Data extract START

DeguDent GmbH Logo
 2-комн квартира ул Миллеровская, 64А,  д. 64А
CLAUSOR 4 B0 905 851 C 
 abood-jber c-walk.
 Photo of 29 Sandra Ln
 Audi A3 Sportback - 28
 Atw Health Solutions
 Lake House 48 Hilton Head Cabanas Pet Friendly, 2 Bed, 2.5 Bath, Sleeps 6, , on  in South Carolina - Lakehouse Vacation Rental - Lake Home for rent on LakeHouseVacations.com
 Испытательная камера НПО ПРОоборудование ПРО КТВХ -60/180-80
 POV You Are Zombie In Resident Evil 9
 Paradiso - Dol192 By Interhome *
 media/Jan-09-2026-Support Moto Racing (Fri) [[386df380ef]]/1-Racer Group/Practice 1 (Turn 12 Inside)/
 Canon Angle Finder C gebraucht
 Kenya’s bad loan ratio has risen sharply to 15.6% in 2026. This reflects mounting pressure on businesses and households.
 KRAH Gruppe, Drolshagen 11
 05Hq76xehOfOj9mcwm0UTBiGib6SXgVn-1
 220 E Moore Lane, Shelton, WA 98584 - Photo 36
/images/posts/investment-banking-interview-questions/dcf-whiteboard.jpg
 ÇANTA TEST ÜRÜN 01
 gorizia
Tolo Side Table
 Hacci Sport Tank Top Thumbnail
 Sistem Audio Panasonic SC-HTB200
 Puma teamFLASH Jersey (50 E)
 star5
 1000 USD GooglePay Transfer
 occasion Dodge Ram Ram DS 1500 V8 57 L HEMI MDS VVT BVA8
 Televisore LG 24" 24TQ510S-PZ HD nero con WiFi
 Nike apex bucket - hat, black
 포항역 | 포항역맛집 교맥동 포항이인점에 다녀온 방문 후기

Data extract END

Each line of the data should be transcribed exactly.

* [Result]
DeguDent GmbH Logo
 2-комн квартира ул Миллеровская, 64А,  д. 64А
CLAUSOR 4 B0 905 851 C 
 abood-jber c-walk.
 Photo of 29 Sandra Ln
 Audi A3 Sportback - 28
 Atw Health Solutions
 Lake House 48 Hilton Head Cabanas Pet Friendly, 2 Bed, 2.5 Bath, Sleeps 6, , on  in South Carolina - Lakehouse Vacation Rental - Lake Home for rent on LakeHouseVacations.com
 Испытательная камера НПО ПРОоборудование ПРО КТВХ -60/180-80
 POV You Are Zombie In Resident Evil 9
 Paradiso - Dol192 By Interhome *
 media/Jan-09-2026-Support Moto Racing (Fri) [[386df380ef]]/1-Racer Group/Practice 1 (Turn 12 Inside)/
 Canon Angle Finder C gebraucht
 Kenya’s bad loan ratio has risen sharply to 15.6% in 2026. This reflects mounting pressure on businesses and households.
 KRAH Gruppe, Drolshagen 11
 05Hq76xehOfOj9mcwm0UTBiGib6SXgVn-1
 220 E Moore Lane, Shelton, WA 98584 - Photo 36
/images/posts/investment-banking-interview-questions/dcf-whiteboard.jpg
 ÇANTA TEST ÜRÜN 01
 gorizia
Tolo Side Table
 Hacci Sport Tank Top Thumbnail
 Sistem Audio Panasonic SC-HTB200
 Puma teamFLASH Jersey (50 E)
 star5
 1000 USD GooglePay Transfer
 occasion Dodge Ram Ram DS 1500 V8 57 L HEMI MDS VVT BVA8
 Televisore LG 24" 24TQ510S-PZ HD nero con WiFi
 Nike apex bucket - hat, black
 포항역 | 포항역맛집 교맥동 포항이인점에 다녀온 방문 후기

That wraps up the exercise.